Bettman long has argued that the NHL has a spending problem. The league was paying too much for its players, was not getting a big enough cut of revenue and had to cut back or its franchises would be in peril of going under. Fehr talked of making the wealthy owners pay a bigger share, of taking care of the workers, of raising the NHL’s debt ceiling.

This went on and on for what seemed like forever. Both sides entrenched and were unwilling to tackle the real problem. In Washington, this is spending more than is brought in. The only solution is difficult fiscal decisions about spending and taxation to bring about a bottom line that is not only balanced but begins paying off our debt. In hockey, this is about recognizing that it is no longer part of “The Big Four” — not in TV revenue, TV ratings, fan interest — and the league no longer can operate as such. This is, of course, a result of the sides' own folly, a folly they compounded with this latest work stoppage.
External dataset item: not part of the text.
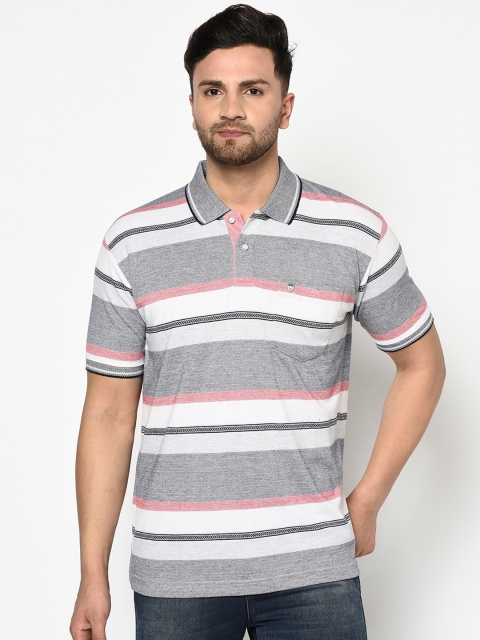 

Duke Men Grey Striped Polo Collar T-shirt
Hockey fans have what politicos like to call voter fatigue. There are only so many crises, so many cliffs, so many averted disasters we can hear about before we just stop caring. Want to know why only 50 percent of America votes? Because most people do not think their voice makes a difference.

I have come to feel this way as an NHL fan.

I am sick of their bickering, their inability to solve their real problems, their absolute lack of touch with anybody outside their bubble. This league has relied on the rabidity of its diehard fans for far too long, taking for granted that we will continue to pack buildings and watch the Stanley Cup after yet another work stoppage. They actually are trying to sell this idea that they “saved” the season, much like the “pols” are trying to sell that they saved us from the fiscal cliff.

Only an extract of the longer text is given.